Can colon polyps be prevented?
Because of concern regarding the transition of polyps to cancer, attempts have been made to determine if treatments with theoretical potential actually prevent polyps. The problem with most studies is that they are retrospective, observational studies which are not sufficient as proof. The long period of time (many years) that it takes for polyps to grade makes long-term studies mandatory, but such studies have been difficult to practise except in the case of familial, genetic polyposis syndromes, and, because of the differences in their causes, information technology is non clear if what applies to them applies to the more common sporadic adenomas.
- Several associations have been explored for antioxidants including selenium, beta carotene, and vitamins A, C, and E. Near of the studies that accept been washed practice not support a part for these agents in preventing polyps or in preventing colon cancer. A limited amount of support is available for the apply of selenium to forbid polyps, but selenium is not recommended for use exterior of experimental trials.
- Supplemental dietary calcium has been demonstrated in one study to forestall the formation of polyps. The benefit was seen with supplementation of 1200 mg of calcium per day. At that place is some business organization most using calcium since higher dietary and supplemental levels are associated with an increase in vascular disease. The intake of calcium that was studied was college than the recommended intake of calcium, 800 mg per day.
- The all-time back up for a treatment to prevent polyps is with nonsteroidal anti-inflammatory drugs (NSAIDs), a class of drugs that includes aspirin, ibuprofen (Motrin, Advil), celecoxib (Celebrex), and many others. Aspirin has been shown in several studies to reduce the formation of polyps by xxx% to l%. The effect is likely to occur with higher doses of aspirin (more than the 81-325 mg that is recommended for cardiovascular disease prevention), and there is concern about aspirin's side upshot of gastrointestinal bleeding at these doses.
- Celecoxib (Celebrex), a "COX-2 selective NSAID" or Cox-2 inhibitor has been shown to reduce colon polyps xxx% to fifty% every bit well, but in that location is a lingering business organization about the possible cardiovascular side effects that may be seen with well-nigh NSAIDs (though the data supporting this side effect is conflicting). Information technology may be used in patients with genetic polyposis syndromes who choose non to accept their colons removed. Celecoxib might be considered in patients with a low gamble for cardiovascular disease who develop adenomatous polyps frequently.
- Sulindac (Clinoril), a "not-selective NSAID" has been shown to preclude polyps in patients with sporadic adenoma as well as the genetic syndromes. Every bit with celecoxib, there is concern near cardiovascular side furnishings and gastrointestinal ulceration and bleeding.

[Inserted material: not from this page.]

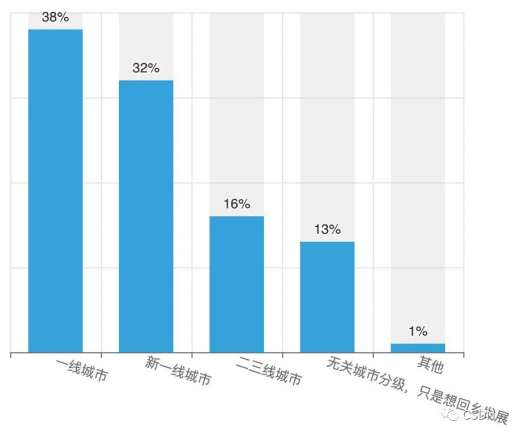 CSDN 发布《2022-2023 中国开发者现状调查报告》8041 作者: 来源: 发布时间:2023-8-8 16:29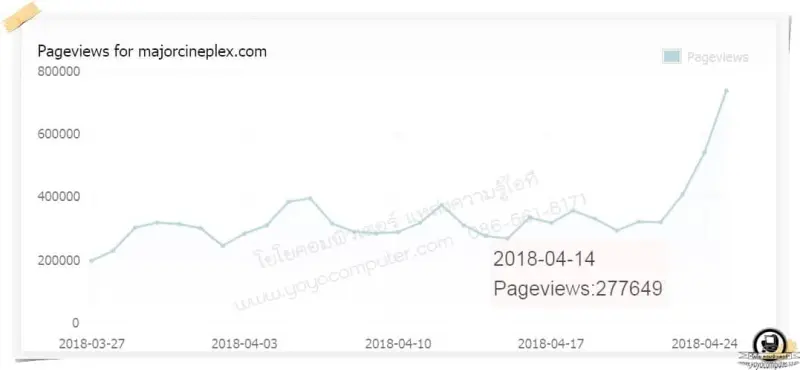 Avengers: Infinity War ฉายวันแรก ฉุดอันดับเว็บไซต์ Major ขึ้นรวดเดียว 14 อันดับ - ภาพประกอบ 5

Given the data that is available, it is not recommended that patients at average risk for the formation of additional polyps be treated for prevention because of concern that the risks of treatment, primarily abdominal haemorrhage and cardiovascular disease, may outweigh the do good of polyp prevention. It may be reasonable to care for patients who are at college than average risk for polyps in which the benefit may outweigh the risks. Such patients might include those with frequent polyp germination, particularly those who take demonstrated cancerous changes in the polyps, or patients who already accept had colon cancer. Studies in these types of patients are eagerly awaited.
Medically Reviewed on 3/xviii/2022
References
Lieberman, D. et. al. "Guidelines for Colonoscopy Surveillance After Screening and Polypectomy: A Consensus Update past the U.s. Multi-Order Job Strength on Colorectal Cancer." Gastroenterology, September 2012; vol. 143: pp 844-857.